Specifically, the UE 100B releases the receiving RLC entity at
least before a time at which the UE 100A releases the transmitting
RLC entity is exceeded. The UE 100B may release the receiving RLC
entity at the same time at which the transmitting RLC entity is
released depending on the implementation of the UE 100B, or may
release the receiving RLC entity before a time at which the
transmitting RLC entity is released.
[0114] As a result, the transmitting RLC entity can be prevented
from being released before the receiving RLC entity is released. As
a result, the UE 100B can be prevented from regarding the new data
as the previously received data and discarding the new data.

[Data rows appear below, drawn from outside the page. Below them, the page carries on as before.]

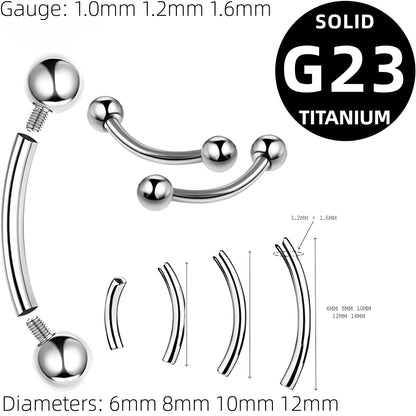 Titanium Curved Eyebrow Bar Piercing Lip Ear New Eyebrow Banana Barbell Belly Ball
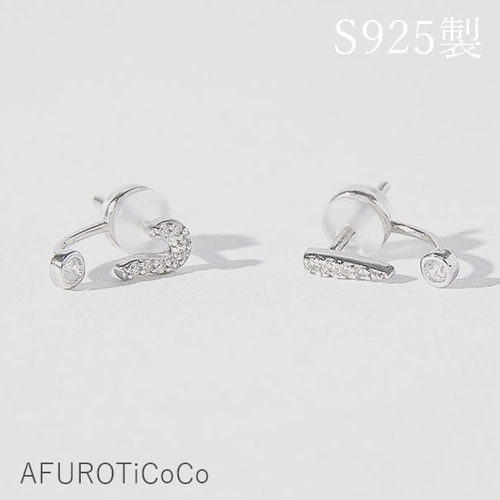   スターリングシルバー　ピアス カーブ(Curve) スターリングシルバー&18Kイエローゴールド ピアス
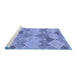 Sideview of Machine Washable Transitional Denim Blue Rug, wshpat1182blu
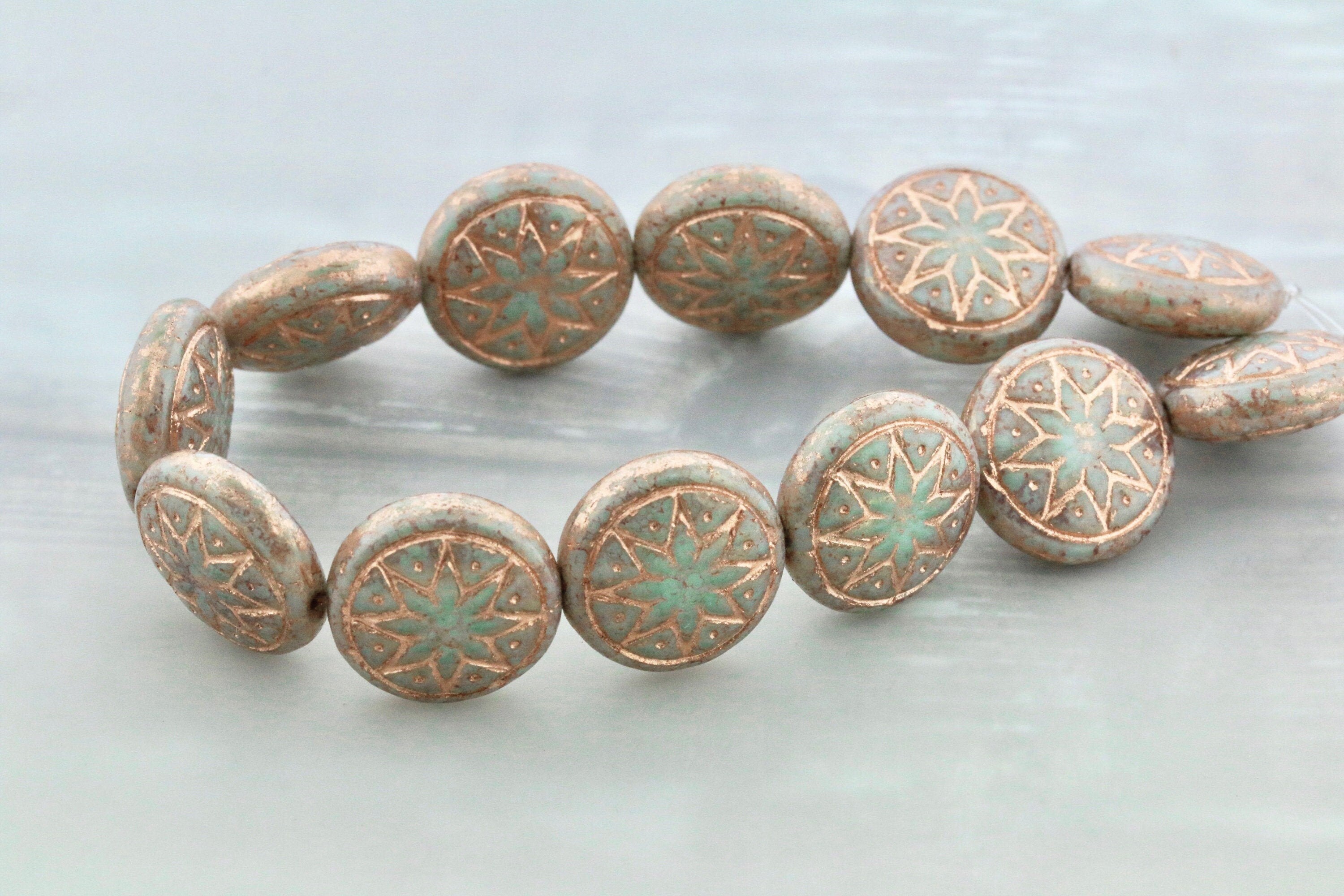 6pcs Czech Star of Ishtar beads - pressed Czech glass puffed coins - Pale Jade TERACOTA LUSTER Rose GOLD Wash - 13mm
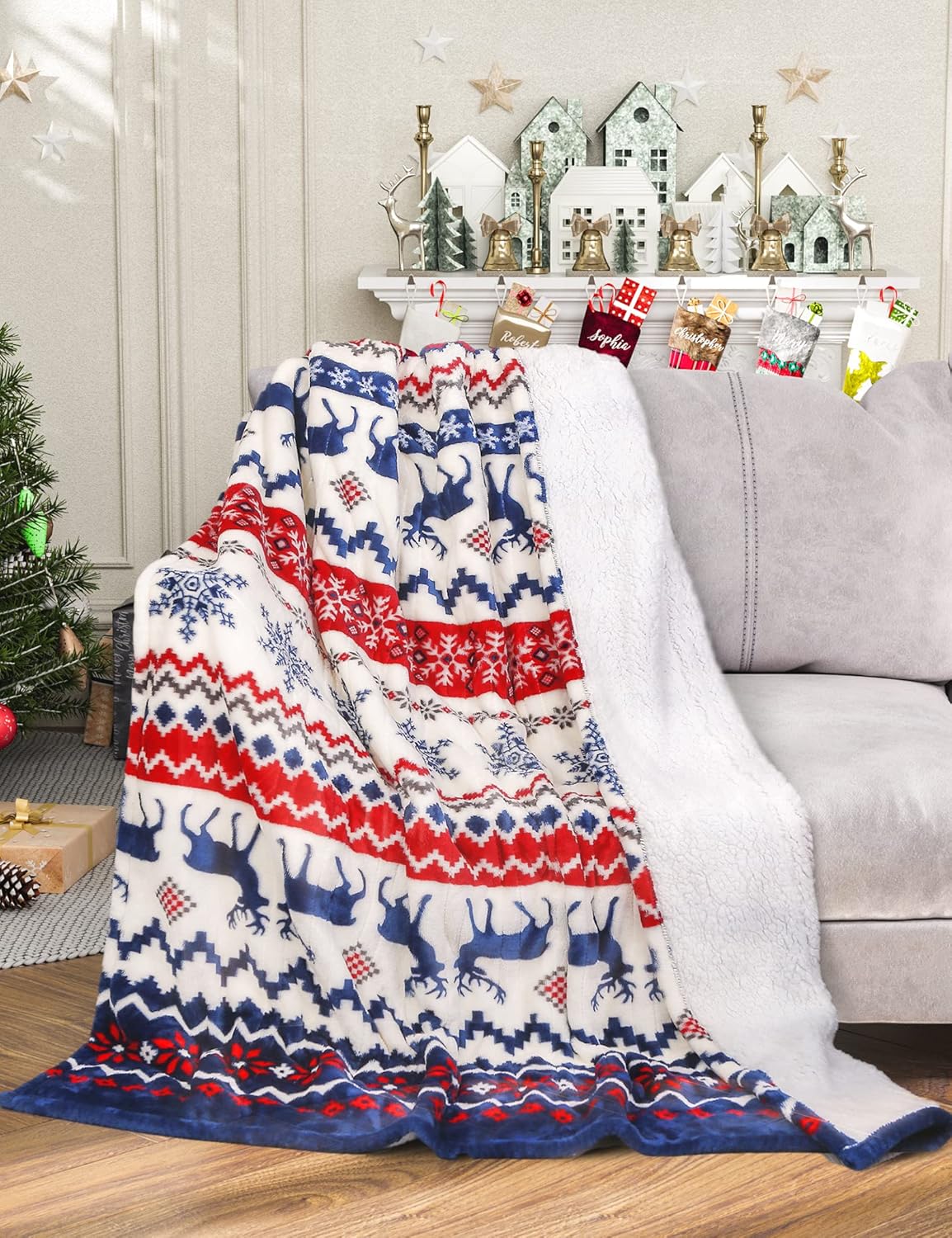 review Westinghouse Christmas Electric Blanket Heated Throw Blanket, Elk Flannel to Sherpa Heating Blanket, 6 Heating Levels & 2 to 10 Hours Heating Time Settings, 50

[0115] Further, even when the UE 100B releases the receiving RLC
entity before the transmitting RLC entity is released, the UE 100B
establishes the receiving RLC entity using the SN value of data
transmitted from the UE 100A as the initial value, and thus the
deviation in the SN value does not occur between the UE 100A and
the UE 100B. Thus, although data is transmitted by the transmitting
RLC entity being maintained thereby after the receiving RLC entity
is released, there is no problem.
[0116] Alternatively, when data is received from the UE 100A after
the transmitting RLC entity is released based on the release
information, the UE 100B may regard the received data as new data
and perform a process without discarding the received data. For
example, when the UE 100B is maintaining the receiving RLC entity,
a process of adding a correction value to an SN value of new data
may be performed.
[0117] Alternatively, when the timer (the in-activity timer) of the
UE 100A is determined to have expired based on the release
information, the UE 100B may transfer all data held in the
receiving RLC entity to the upper layer and then process
subsequently received data as new data. For example, when a timer
set based on the release information expires, the UE 100B may
transfer all data in the receiving buffer to the upper layer and
then perform a process of initializing at least the SN value of the
receiving RLC entity.
[0118] (B) Second Operation
[0119] Next, a second operation will be described with reference to
FIG. 9. In the second operation, the UE 100B sets UM_Window_Size to
0.
[0120] As described above, when UM_Window_Size is larger than 0,
the UE 100B (the receiving RLC entity) is likely to discard
received new data. Thus, the UM 100B sets UM_Window_Size to 0 in
the receiving RLC entity. Thus, since the sequence number of the
received data is not positioned within the range of the reordering
window, the UE 100B transfers the received data to the upper layer
(specifically, the receiving PDCP entity) in the receiving RLC
entity without discarding the received data. As a result, it is
possible to prevent the new data from being regarded as the
previously received data and discarded.
[0121] Further, when UM_Window_Size is set to 0, data reordering is
not performed in the receiving RLC entity, and received data is
transferred to the upper layer. Thus, when reordering is
unnecessary in the receiving RLC entity, the UE 100 may set
UM_Window_Size to 0.
[0122] For example, the UE 100B may set UM_Window_Size to 0
according to a type of data transmitted through the D2D
communication. Specifically, the UE 100B may set UM_Window_Size to
0 when data is data that needs to be processed in real time such as
audio data or video data (for example, when an allowable delay of
data is equal to or larger than a certain value) and may set
UM_Window_Size to a normal size when data is document data.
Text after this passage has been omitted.